異動先に,前任の情報科教員が構築したというサーバがありました.誰に聞いても,そのサーバが何をしているのか,正確に説明してくれる人は居ません.サーバ構築ログも残っていません.でも,ネットワークは目の前に存在し,実際に稼働しています.「前の情報の先生はよくやってくれたのよ」と,新しく同僚になった教員は言います.どうやら,教務の成績管理システムや学籍管理システム,そしてウェブサイトの運営まで,前任の情報の教員が構築したようです.何故か同僚の視線を感じます.読みたくもない空気があたりを漂います.

そんなとき,もしも, 「それは情報教員の本来の仕事ではないこともそうですが,個人としては引き受けるべきものとも違いますので,引き受けられませんよ」と言った場合,どうなるのでしょうか.管理者チーム,ウェブサイト運営チームがすぐに立ち上がってくれるのでしょうか.それとも,「つべこべいわずにおまえがやれ」ということになるのでしょうか.それとも,管理職が直接個人的に「やれ」と言うのでしょうか.

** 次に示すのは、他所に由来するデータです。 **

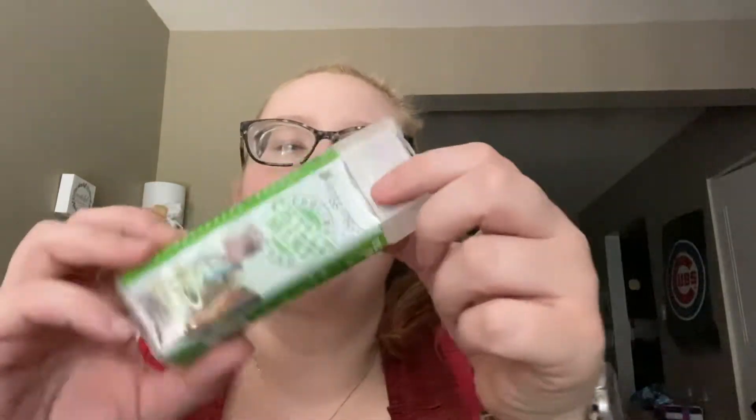I got one of these Frog Togs Chilly Mini wraps — it's supposed to keep you cool when you're outside. I actually want to start jogging and things; I don't know if I'm going to, but if I don't use it the kids will.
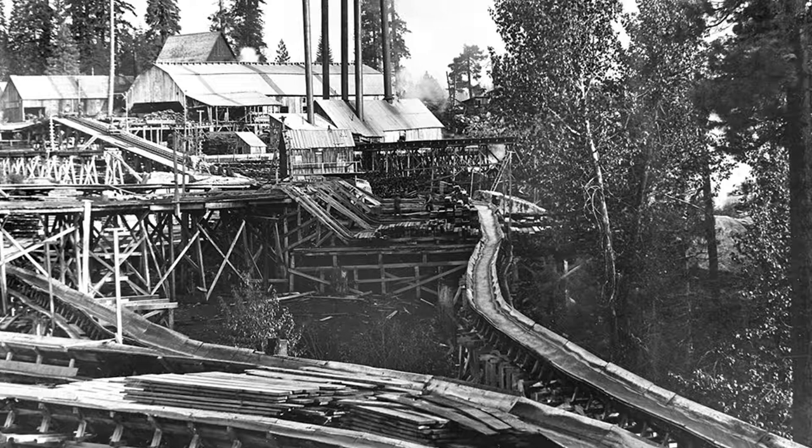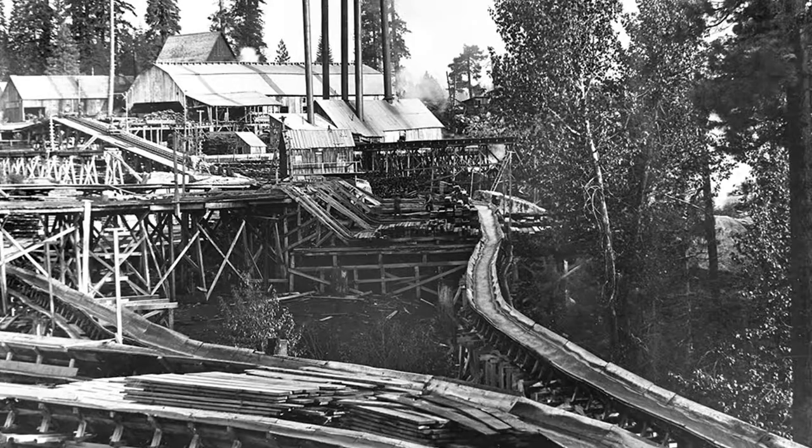The boards would then be dried, and after a period of time when they had sufficient buoyancy, they would kick them into the flume. The flume was 42 miles long and would reach Clovis six and a half hours later. So at the turn of the century this was the latest and greatest technology, and for a hundred and eight years old, it's a pretty fascinating machine.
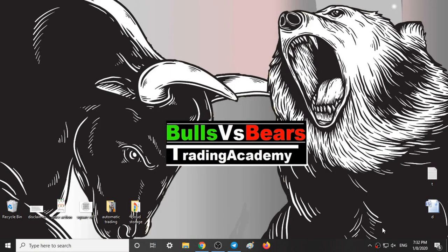Hello viewers, welcome to Bulls vs BS Trading Academy. In this video, we will validate the support and resistance areas given yesterday, our trading style for today, and our analysis for tomorrow on Nifty.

情報科の教員は,教諭として採用されたのであり,エンジニアとして採用になったわけではありません.日頃の教材研究および授業の工夫など,生徒と向き合った仕事をするのが本来の姿です.エンジニアが学校に必要であれば,エンジニアとして採用された人を,必要とする学校に配置すれば済む話ですし,教員がやらねばならないのであれば,分掌にして「組織で」仕事をするべきです.特に,業務を支えるネットワークや,広報媒体であるウェブサイトの運営は,その仕事の性質上,個人で引き受けるべきものではありません.委員会の中で押しつけ合うものでもありません.

私は,教諭の仕事というのは,大きく分類すると,「教科指導の仕事」,「分掌の仕事」,「委員会の仕事」,来年からは「部活指導の仕事」なのだと思っています.ですから,「情報の先生なんだから,これこれの仕事もお願いね」というお話は,変だと思うのです.「情報の先生」としてすべき仕事は,教科指導のみです.

私が異動するのは都教委ルールによるとまだ1年~2年先ですが,このあたりのことを考えて自分の仕事も整理したいと思います.